Perfect Chemistry is the first novel in the trilogy written by author Simone Elkeles and published by Walker Books for Young Readers in 2009 and also made it on The New York Times Best Seller list. Perfect Chemistry depicts a high school romance between the main characters Brittany Ellis, a white uptown teenager, and Alejandro "Alex" Fuentes, a lower class teenager of Mexican heritage. The two must overcome Brittany's troubled home life and Alex's gang ties to have their own happily ever after. The book was read and reviewed worldwide.

Simone Elkeles has revealed in many interviews that she admits to writing Young Adult fiction Romance novels and with the Perfect Chemistry series she had to do extensive research to understand the cultural background of Alex's Mexican heritage. The book was followed by two sequels centered on the following Fuentes brothers, Carlos and Luis. The book takes place in Chicago, where the two must contend with gang fights, the mystery surrounding the Fuentes' murder of their father, and the world's outlook on their relationship.

Elkeles has stated that she would like to continue writing books in the Perfect Chemistry series.

==Overview==
Brittany Ellis has worked extremely hard to put on a picture perfect image to hide her horrible home life and Alex Fuentes' dangerous gang ties through friends, family and he himself throughout his life have caused him nothing but chaos.
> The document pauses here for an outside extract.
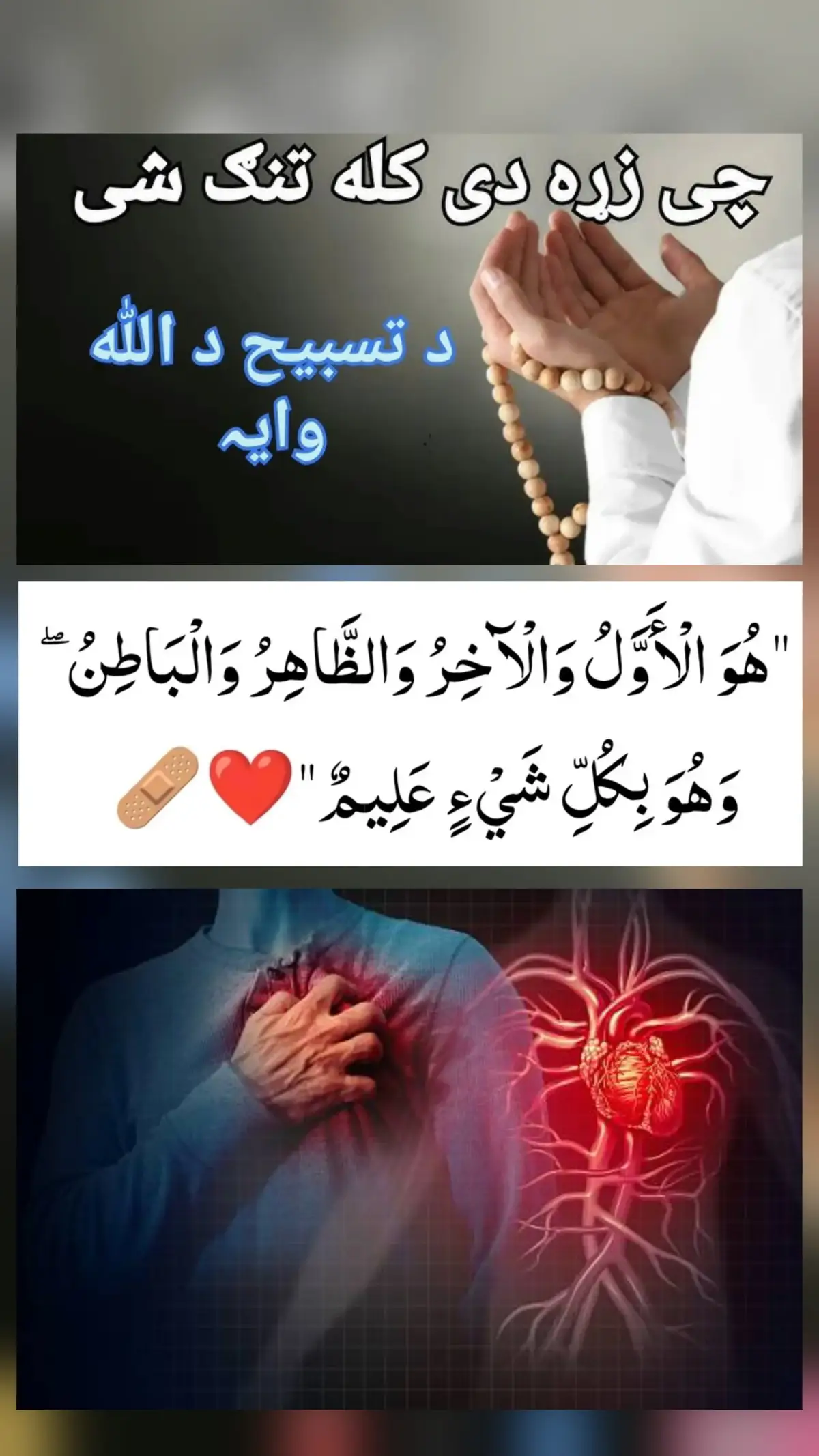 #pashto #islami #bayan #bayan #islamic_video #muslim #today #trinding #viralvideos #foryoupage❤️❤️ #پختون #پشتون #وظائف #زړه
Their senior year at high school starts and Brittany and Alex are assigned to each other as lab partners in chemistry at their school, Fairfield High. Brittany knows that Alex and his reputation are threatening everything she has worked so hard to keep in place such as her perfect reputation, her relationship with her popular boyfriend Colin (the star captain of the football team) and her secret home life that no one, not even her best friends, must find out about. Alex and his friends make a bet that Alex has to have sex with Brittany before Thanksgiving in order to boost Alex's bad boy reputation and to ruin Brittany's picture perfect one. But feelings appear and Alex starts to second guess the bet but also the relationship when Brittany begins to open up about her life introducing him to her deepest secret, but doubt returns once more knowing that the gang lifestyle that had claimed his father's life is bound to claim his also. Finally he leaves the gang and he proposes Brittany in marriage.

==Main characters==

Brittany Ellis – One of the two main protagonists of the novel. Brittany is perfect, or so it seems. Her home life is the root of her struggles. Her parents are considering sending her sister away to a home for people with disabilities while her boyfriend is trying to convince her to do things that she doesn't feel ready for. Brittany's mother is very concerned with appearances and controls Brittany to present the prefect facade. Mr. Ellis likes to hide behind his work and doesn't communicate much with his family. Brittany always ends up caring for her mentally and physically disabled sister, Shelley.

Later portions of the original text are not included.